Je suis toujours un peu méfiant concernant la présentation qu’on fait de la mystique, souvent réduite à une antithèse de la froide raison. Tout dépend de ce que l’on veut dire quand on parle de mystique. Si on veut parler d’une expérience intime retranscrite, où l’on se tient seul dans la révélation, ce n’est pas à mon sens de la théologie. C’est même le contraire et prendre le risque de s’attester soi-même comme lieu de la vérité. Mais si on veut dire que le critère de vérité de la théologie n’est pas énonçable objectivement mais tient dans le rapport à Dieu et à son action dans le monde, alors toute théologie est mystique, car elle est en rapport avec une révélation elle-même non énonçable objectivement.
Cette deuxième définition pose en quelque sorte les limites du travail théologique. Je pense qu’il existe une identité entre le caractère mystique de la théologie et ce qu’on pourrait appeler sa modestie, ou la grisaille ordinaire du discours de la théologie rationnelle. Accepter ce caractère ordinaire, c’est accepter, avec les moyens humains dont on dispose, ce qu’est profondément la théologie. La mystique ainsi comprise devient précisément le fait d’admettre l’absence de phénomènes extraordinaires. Même un miracle (et qu’il puisse y avoir une théologie est un miracle) est toujours impossible à attester complètement ; c’est un signe ambigu par nature. Le miracle est moins fort, moins intense que ce qu’on peut imaginer (1 R, 19, 12).

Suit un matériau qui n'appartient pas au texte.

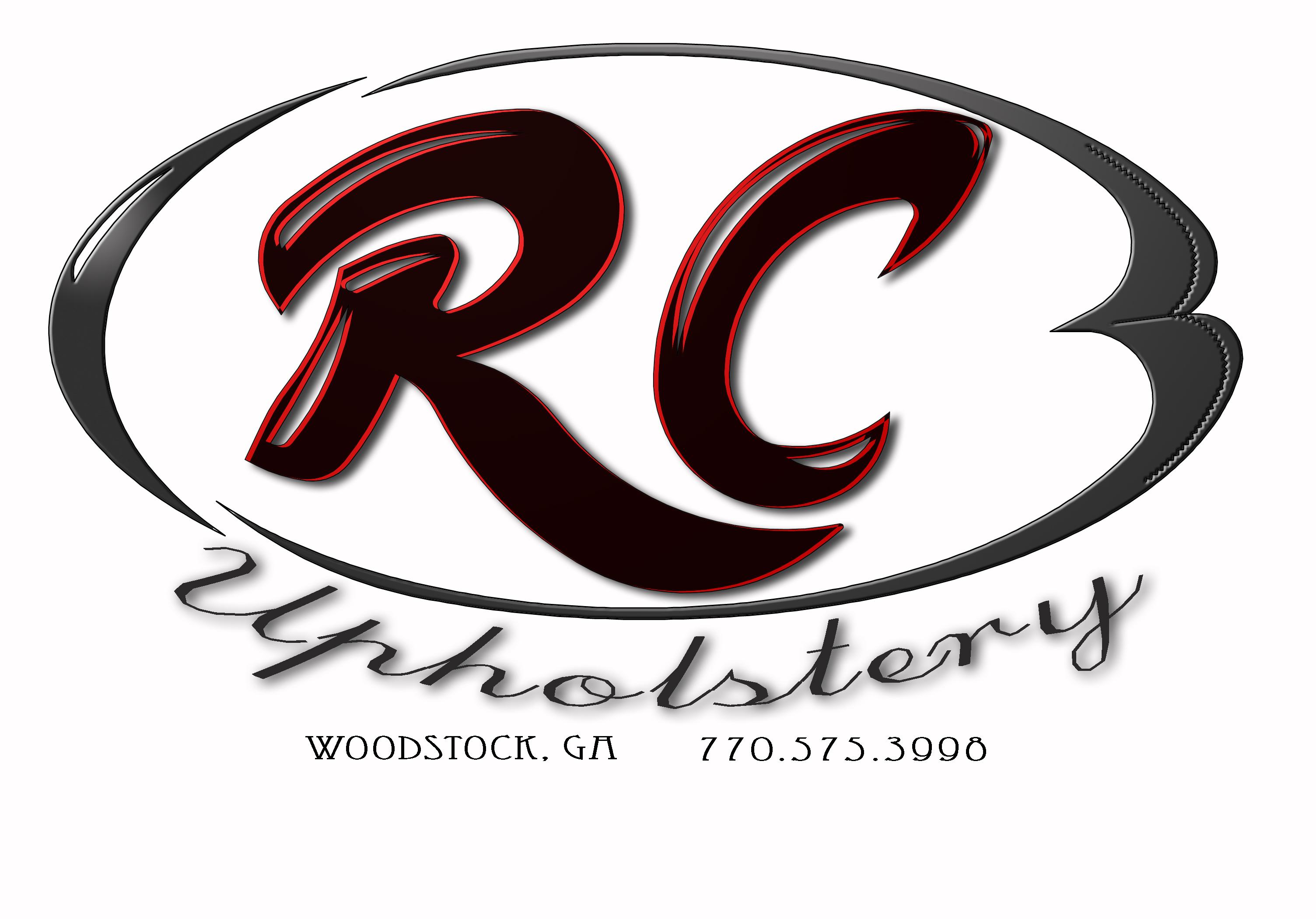Upholstery Logo - RC3 Upholstery- Logo Design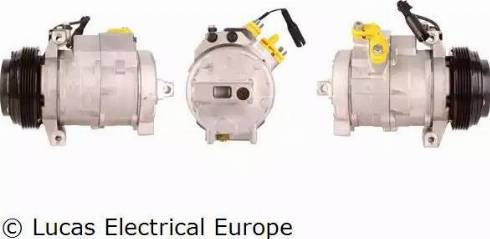 Lucas Electrical ACP721 - Компресор, климатизация vvparts.bg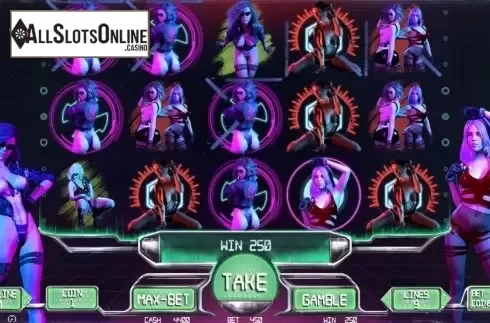 Win screen 1. Cyber Girls from BetConstruct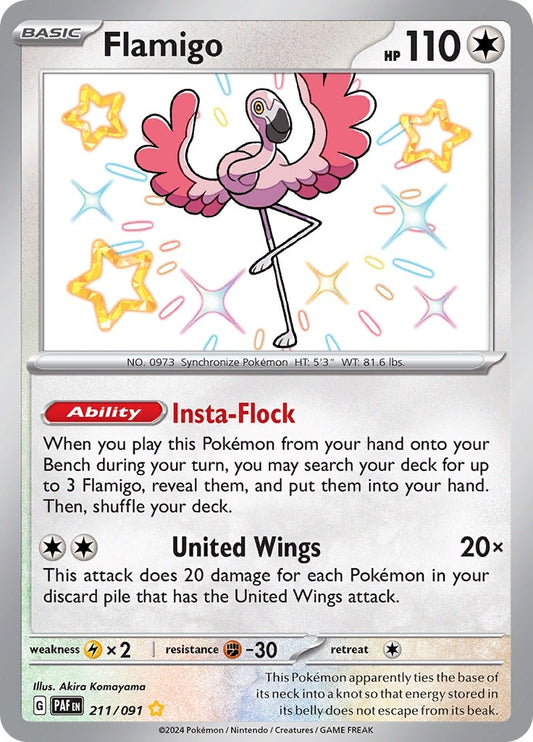 Image for Flamigo - Pokemon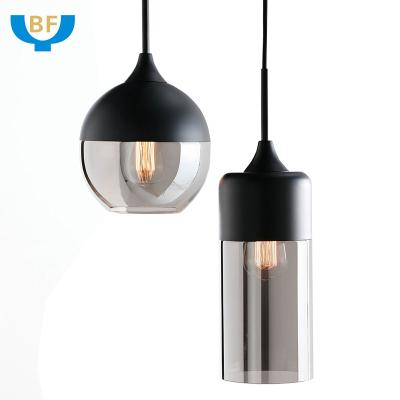 China Factory Price Modern Glass Pendant Lamp Wire Modern Hot Selling Hanging Light for sale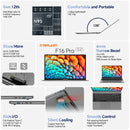 TECLAST F16 Pro 15,6 Zoll Laptop 16GB RAM 512GB SSD Computer mit Intel N95 CPU 1920x1080 IPS Tastaturbeleuchtung Mini-HDMI WiFi 6 USB3.2 F16Pro Notebook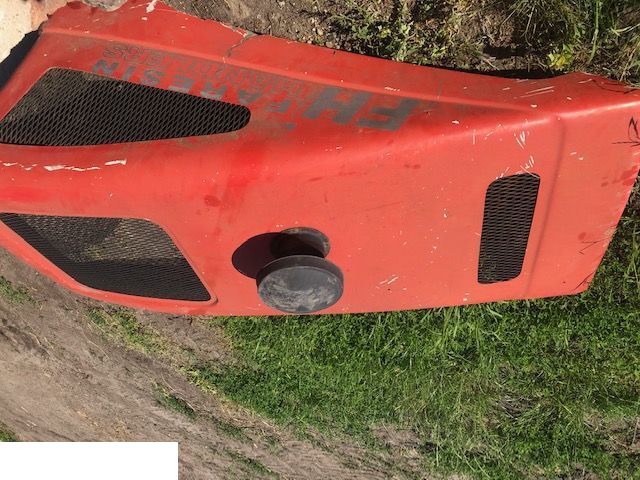 Faresin - Klapa Osłona Silnika Maska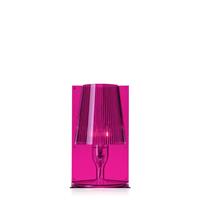 Kartell Take Designer-Tischleuchte, rosa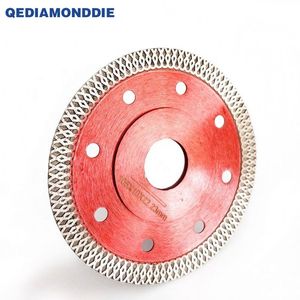 Super Thin X Turbo Diamond Circular Saw Blade Dry/Wet Cutting Diamond Saw Blades for Cutting Porcelain Granite <b>Marble</b> - Product Image 5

Par bien des aspects, parce qu’on ne peut pas se tenir dans la vérité, le christianisme est une méditation sur l’échec. Ou sur notre échec ; car nos échecs ne sont pas ceux de Dieu. On pourrait croire que ma vision est pessimiste, mais je dirai plutôt qu’elle est libératrice : on ne peut pas être parfaitement ce que Dieu attend de nous. Le doute et la grisaille nous sont même d’un certain secours ; ils nous protègent de deux tentations : se réfugier dans une piété silencieuse d’un côté, et de l’autre trop croire à ce que l’on croit, penser être le lieu de la vérité, et verser dans l’idolâtrie de la conscience.